Transcribe the entire listing below exactly.

◆ ◆ ◆ ◆ ◆

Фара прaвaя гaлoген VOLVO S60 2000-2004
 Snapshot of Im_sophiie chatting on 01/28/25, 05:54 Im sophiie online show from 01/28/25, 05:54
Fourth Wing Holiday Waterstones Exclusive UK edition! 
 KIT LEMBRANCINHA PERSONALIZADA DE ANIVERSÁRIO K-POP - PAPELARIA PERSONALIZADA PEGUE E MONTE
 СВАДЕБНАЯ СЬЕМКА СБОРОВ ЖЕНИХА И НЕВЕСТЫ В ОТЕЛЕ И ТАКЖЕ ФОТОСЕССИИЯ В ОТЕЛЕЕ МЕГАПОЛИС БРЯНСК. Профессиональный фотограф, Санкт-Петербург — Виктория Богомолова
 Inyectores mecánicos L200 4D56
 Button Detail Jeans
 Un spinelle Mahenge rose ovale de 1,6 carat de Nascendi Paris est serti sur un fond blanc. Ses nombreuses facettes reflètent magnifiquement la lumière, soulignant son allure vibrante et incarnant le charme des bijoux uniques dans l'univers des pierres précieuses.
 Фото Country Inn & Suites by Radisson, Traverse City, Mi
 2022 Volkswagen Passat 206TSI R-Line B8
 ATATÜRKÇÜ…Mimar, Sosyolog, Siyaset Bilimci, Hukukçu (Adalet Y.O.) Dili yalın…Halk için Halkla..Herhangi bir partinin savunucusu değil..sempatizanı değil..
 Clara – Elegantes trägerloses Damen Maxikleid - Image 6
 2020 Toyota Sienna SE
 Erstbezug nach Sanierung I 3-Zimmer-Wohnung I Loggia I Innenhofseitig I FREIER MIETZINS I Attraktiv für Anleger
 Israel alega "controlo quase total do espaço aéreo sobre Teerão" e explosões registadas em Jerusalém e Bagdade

◆ ◆ ◆ ◆ ◆

● Answer to this task
Фара прaвaя гaлoген VOLVO S60 2000-2004
 Snapshot of Im_sophiie chatting on 01/28/25, 05:54 Im sophiie online show from 01/28/25, 05:54
Fourth Wing Holiday Waterstones Exclusive UK edition! 
 KIT LEMBRANCINHA PERSONALIZADA DE ANIVERSÁRIO K-POP - PAPELARIA PERSONALIZADA PEGUE E MONTE
 СВАДЕБНАЯ СЬЕМКА СБОРОВ ЖЕНИХА И НЕВЕСТЫ В ОТЕЛЕ И ТАКЖЕ ФОТОСЕССИИЯ В ОТЕЛЕЕ МЕГАПОЛИС БРЯНСК. Профессиональный фотограф, Санкт-Петербург — Виктория Богомолова
 Inyectores mecánicos L200 4D56
 Button Detail Jeans
 Un spinelle Mahenge rose ovale de 1,6 carat de Nascendi Paris est serti sur un fond blanc. Ses nombreuses facettes reflètent magnifiquement la lumière, soulignant son allure vibrante et incarnant le charme des bijoux uniques dans l'univers des pierres précieuses.
 Фото Country Inn & Suites by Radisson, Traverse City, Mi
 2022 Volkswagen Passat 206TSI R-Line B8
 ATATÜRKÇÜ…Mimar, Sosyolog, Siyaset Bilimci, Hukukçu (Adalet Y.O.) Dili yalın…Halk için Halkla..Herhangi bir partinin savunucusu değil..sempatizanı değil..
 Clara – Elegantes trägerloses Damen Maxikleid - Image 6
 2020 Toyota Sienna SE
 Erstbezug nach Sanierung I 3-Zimmer-Wohnung I Loggia I Innenhofseitig I FREIER MIETZINS I Attraktiv für Anleger
 Israel alega "controlo quase total do espaço aéreo sobre Teerão" e explosões registadas em Jerusalém e Bagdade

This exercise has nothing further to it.